Kevin Schewior, TU Berlin

New Results on Resource Augmentation in Online Deadline Scheduling

Kevin Schewior, TU Berlin

New Results on Resource Augmentation in Online Deadline Scheduling

Abstract:

We consider preemptively scheduling jobs with release dates and hard deadlines on m parallel machines. An online algorithm is provided an instance (each job at its release date) that possesses a feasible (offline) schedule meeting all deadlines. It is known that there is no online algorithm that always produces a feasible schedule given just these m machine. Thus, resource augmentation, that is, increasing the machine speed or the number of machines, has been proposed by Phillips et al. (STOC 1997).

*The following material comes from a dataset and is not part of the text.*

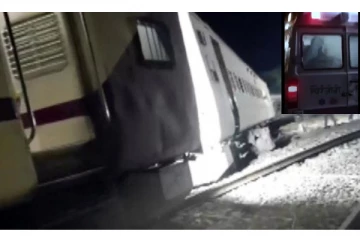 சூர்யநகரி எக்ஸ்பிரஸ் ரயிலின் 8 பெட்டிகள் தடம் புரண்டது - 10 பேர் படுகாயம்...!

Regarding augmentation by speed, we give a new (now tight) lower bound of *2*-*1*/*m* on the speed required by the very natural algorithm Least
Laxity First (LLF), matching the guarantee achieved by simply prioritizing by deadlines. In this context, we open up the analysis of
instances with a fixed number of distinct release dates and show more positive results about LLF. We also note that an algorithm by Anand
et al. (ICALP 2011) does not, as claimed, only require a speed of *e*/(*e*-*1*). Thus the best provable guarantee of an algorithm to date is
the one by Lam and To (SODA 1999), namely *2*-*2*/(*m*+*1*), and the gap to their lower bound of *1.207* remains.

Finally, we give the first algorithm requiring *f*(*m*) unit-speed machines for a function *f*. In particular, we have *f*(*m*)=*O*(*m ^{2}*